Coincidentally, this eerie tension extends past the cinematic effect. During an interview with writer and novelist, Jack Fritscher, he is distracted by a sudden roar of a lawn mower and a cold draft.
“What happened with Jack is what happened time and time again when we were filming,” says Bailey. “There were all these interruptions at these critical moments. It was like this, ‘Hello from the other side’- “Hello from the other side!”
Together they break into raw harmony of Adele’s hit single before quickly composing themselves once more. “It just happened so many times,” says Barbato. “People were about to say, ‘I shouldn’t say this but..’ or reveal something that was questionable and a siren would go off or someone would knock on the door.
With Edward Mapplethorpe, Robert’s brother, it would happen continuously.
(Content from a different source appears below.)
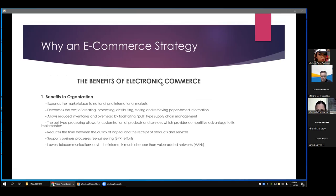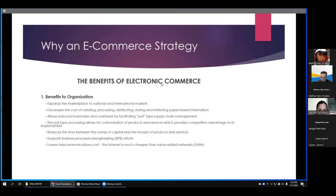The benefits of electronic commerce — first, benefits to organizations: it expands the marketplace to national and international markets, decreases the cost of creating, processing, distributing, storing, and retrieving paper-based information. For example, SOAs are now emailed rather than printed. It allows reduced inventories and overhead by facilitating supply chain management, allows customization of products and services which provides competitive advantage, reduces time between capital outlay and receipt of products and services, supports business process re-engineering efforts, and lowers telecommunication costs since the internet is cheaper than value-added networks.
At one point we had a whole montage of moments like that.” The film lasts just under two hours, but numerous scenes and phases of Mapplethorpe’s life did not make it to the final edit. His work with children and the Marden family, a sequence around a beautiful snowglobe that the photographer was given by his parents at the vulnerable end of his life, and the story of the ongoing and not so friendly competition between him and Andy Warhol.
Bailey and Barbato laugh as they recall the story told to them by American journalist, Bob Colacello, where Mapplethorpe gate-crashes Warhol’s appointment to watch Rudolf Nureyev, the iconic ballet dancer, rehearse.
“They get there and Warhol starts taking polaroids and Mapplethorpe starts taking polaroids, and then Nureyev freaks out and tears them all up and kicks them all out,” says Bailey. “It’s a great story, but you can’t fit everything in.”
Nevertheless, the documentary charts a compelling trajectory of a life of an artist, not only inviting the viewer to consider the beauty in the provocative photography, but also humanising a figure who appears as a relentless pursuant of fame and recognition.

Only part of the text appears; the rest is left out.